Bei einer klar erkennbaren Vermögensverschiebung oder der aus neutraler Sicht perspektivlosen Verzögerung der Insolvenzanmeldung durch den Mandanten, muss der Steuerberater zwingend seine Arbeiten einstellen und das Mandat niederlegen. Hier handelt es sich nicht um eine Mandatsniederlegung zur Unzeit, da die gesetzlichen Vorgaben den Steuerberater zwingen, das Mandat niederzulegen, um nicht in die Mithaftung für eine mögliche Insolvenzverschleppung zu geraten.

Externe Berater/ Spezialisten hinzuziehen

Für ein Gespräch, in dem Insolvenzreife erklärt wird, ist es von Vorteil einen Sanierungs-/ Insolvenzspezialisten hinzuzuziehen. Er kann die Situation fachkundig einschätzen und mit Lösungsvorschlägen weiterhelfen. So kann sich zudem der Steuerberater darauf verlassen, keine falschen Informationen weiterzugeben oder bei Fachfragen nicht angemessen reagieren zu können. Er sichert so sich selbst und seinen Mandanten bzgl. qualifizierter Informationen ab. Das konsequente Auftreten der Sanierungs-/ Insolvenzspezialisten entlastet den Steuerberater in Bezug auf seine eigene Haftung.
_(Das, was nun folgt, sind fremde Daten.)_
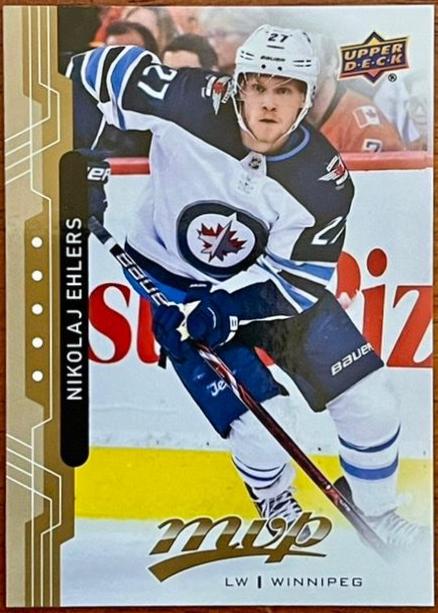 Nikolaj Ehlers #127 2018-19 Upper Deck MVP Hockey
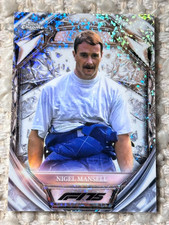 2025 Topps Chrome Formula 1 F1 #D75-49 Nigel Mansell Diamond 75th Anniversary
Wird bei Anzeichen einer Krise zu spät oder gar nicht eingegriffen, verliert das Unternehmen langfristig jede Sanierungschance.

Frühes Handeln notwendig

Eine rasche Umsetzung von Sanierungsbemühungen ist durchaus sinnvoll und kann dazu führen, dass eine Insolvenz abgewendet werden kann oder aber zumindest eine Eigenverwaltung möglich ist, wenn früh genug gehandelt kann.

Fazit

Eine Hinweis- und Warnpflicht ist für den Steuerberater und Wirtschaftsprüfer geboten, sobald er im Rahmen seines Auftrages oder in dessen Vorbereitung Indizien für einen Insolvenzgrund erkennt. Auch wenn der Berater glaubt, der Mandant habe die gleichen Erkenntnisse, ist eine Hinweisdokumentation zu empfehlen, da eine spätere Behauptung des Mandanten in Unkenntnis gewesen zu sein, den Berater in Erklärungsnot bringen wird.

Das hinzuziehen eines Sanierungs-/ Insolvenzspezialisten ist sowohl für den Steuerberater als auch für den Mandanten von Vorteil und gibt beiden Seiten Sicherheit. Nur durch frühzeitiges Eingreifen bei ersten Krisenmerkmalen bieten sich optimale Sanierungsmöglichkeiten. Dies sollte auch immer offen kommuniziert werden.